== The problem ==
If a line of the data below holds the string "with", copy it.

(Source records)
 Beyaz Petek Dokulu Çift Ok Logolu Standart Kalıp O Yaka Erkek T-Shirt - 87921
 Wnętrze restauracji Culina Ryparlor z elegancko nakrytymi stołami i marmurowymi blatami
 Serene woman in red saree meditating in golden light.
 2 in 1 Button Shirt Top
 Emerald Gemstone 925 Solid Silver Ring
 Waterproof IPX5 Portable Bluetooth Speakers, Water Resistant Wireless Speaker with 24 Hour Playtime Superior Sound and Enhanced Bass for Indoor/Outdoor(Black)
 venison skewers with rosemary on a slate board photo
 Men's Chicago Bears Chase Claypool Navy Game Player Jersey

== Reply ==
 Waterproof IPX5 Portable Bluetooth Speakers, Water Resistant Wireless Speaker with 24 Hour Playtime Superior Sound and Enhanced Bass for Indoor/Outdoor(Black)
 venison skewers with rosemary on a slate board photo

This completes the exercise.